The night I began devouring Steinbeck I set my bed afire with the smoldering plastic lampshade within the tent I'd made of blankets and bedposts. The rigging of a tent had been necessary to hide the lamplight, as my nine o'clock bed-time had long since come and gone. I'd been so absorbed with Tom Joad that I'd failed to notice the blankets settle down upon the lamp until the acrid stench and sparkly fulguration of the now molten shade caught my attention and sent me leaping from the bed.
“Let's see,” my mother had said that afternoon, taking a book down from the shelf, opening it at random and briefly skimming.“ You might be old enough for this one.” Its dust-jacket long gone, the dull green cover didn't inspire me much and the title, The Grapes of Wrath, etched in faded gold along the spine didn't seem like much fun, either. I had gone to the study, bored with Penrod or Homer Price or Archie and Mehitable or whatever I'd been reading and resolved to ask for something more grown-up, by which I meant written for adults, so I understood that anything offered would be challenging and have fewer pictures than what I'd been accustomed to. “Or this, maybe.” Mom continued, reaching for William Saroyan's The Human Comedy . “Or....Well, maybe not this quite yet. Dear...?” She asked of my father at his desk across the room, “ Do you think he'd be ready for Catcher In The Rye? Or, perhaps not yet....” She'd already decided, slipping the thinner volume back into its place on the shelf and replacing it on my growing stack with something called “A Separate Peace”. One thing was certain; adult books had odd, obscure titles, and I made a mental note of exactly where this one sat so that I'd be able to find it later and attempt to discover exactly what might make it too grown up for me.
It took me a month or more to return to that spot, during which I read Cannery Row and Sweet Thursday and began my own epic novel about Okies in the Dust Bowl of the Great Depression. One day, finding little of the Steinbeck I'd come to know and love in a quick perusal of the cover of Travels With Charlie, I remembered that bit of forbidden fruit a shelf or two away. After a quick check of the hallway to see that the coast was clear, I slid the Salinger from its place, hid it beneath the copy of A Separate Peace and made a furtive dash back to my room. As it happened, the two volumes were nearly identical in size and before I'd even ruffled a page I had an epiphany. Were I simply to switch the jackets, I could put the now ersatz Catcher back in its place on the shelf, openly carry the real thing about in mufti and no one would be the wiser. I still don't know what all the fuss was about. I loved the book, of course, but searched in vain for anything that might be considered titillating enough to make Catcher off limits.

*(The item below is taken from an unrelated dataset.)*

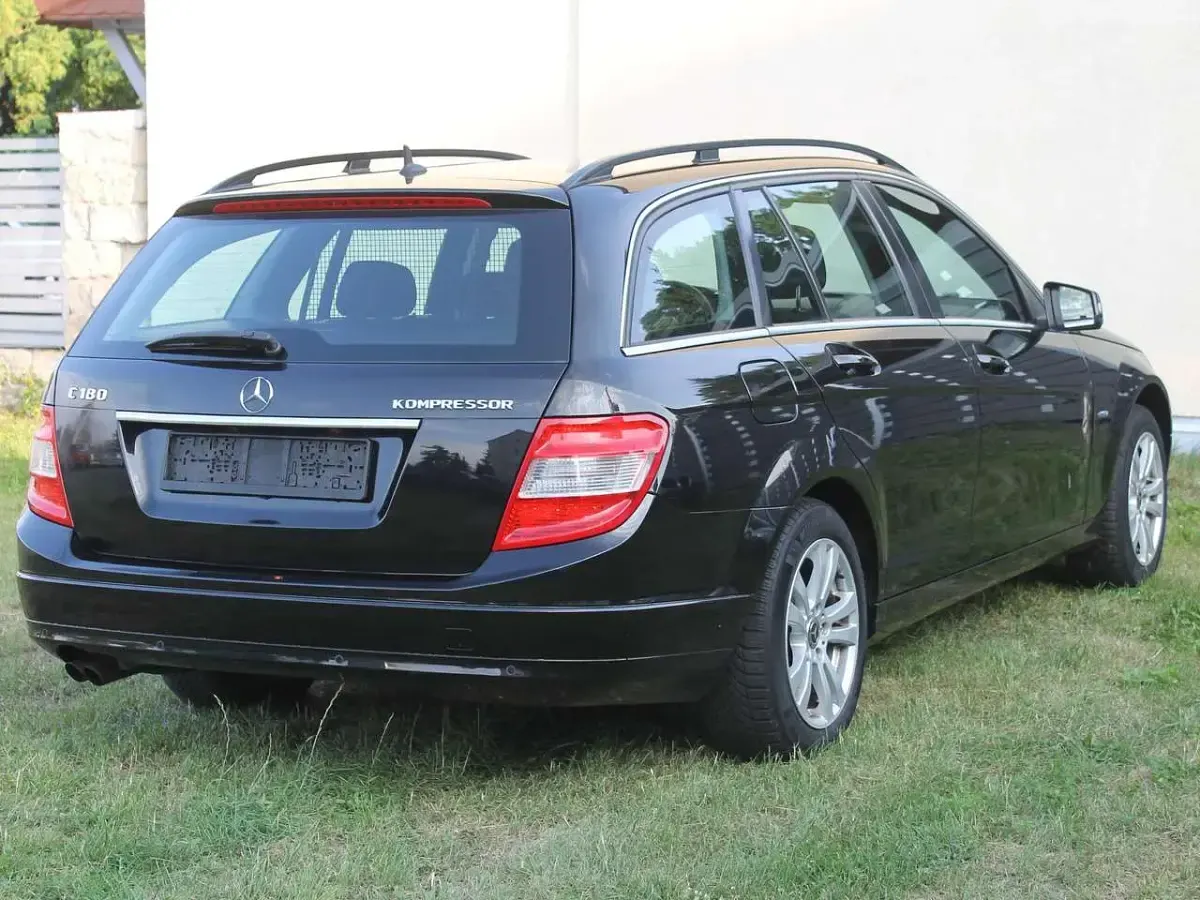 Gebraucht Mercedes C180 156 PS (114 kW) 2009 Obsidianschwarz  metalliclack Kombi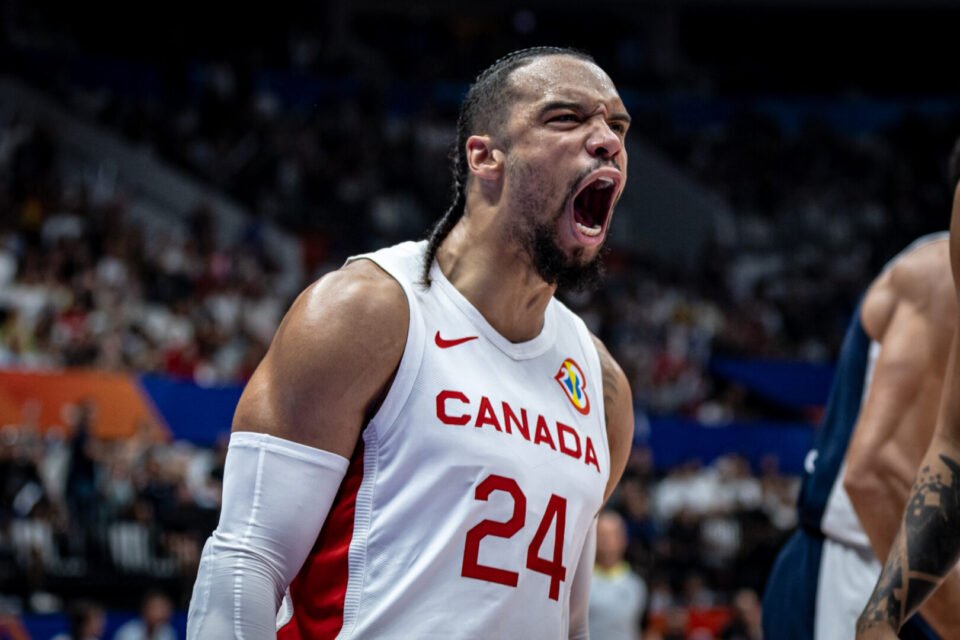 Канаѓаните со лекција за кошарка за очајните Французи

Around this time the boys at school began talking about select passages hidden within various volumes that might be found in any one of our homes. I breathlessly thumbed the pages of Lady Chatterley’s Lover, Lolita and even the painfully dull and dreary The Art of Loving without finding much to offend or instruct. I bludgeoned my way through Roth's Goodbye, Columbus. With utter futility I fanned through anything bearing the imprint of Grove Press. A tattered, paper-back version of Fanny Hill, way up on the top shelf, yielded some fairly racy stuff, but the eighteenth-century British idiom was such a chore to parse out in the context of my fifth-grade imagination that it was Greek to me. The Carpetbaggers and Candy were supposed to be the real deal - there were rumored to be a few copies floating around the eighth grade lockers - but these, too, left me unsatisfied, the one being so tedious it wasn't worth the effort and the other so silly as to render the naughty bits laughable and ridiculous. Which, at least in the case of Candy, might have been the point.
No effort so monumental goes entirely unrewarded and all this research did yield some unexpected gems. Within a year or so of finding nothing particularly spicy in Is Sex Necessary?, I'd become a devoted fan of both James Thurber and E.B. White, who, in turn, helped lead me into a world of great reading well beyond a schoolboy's callow search.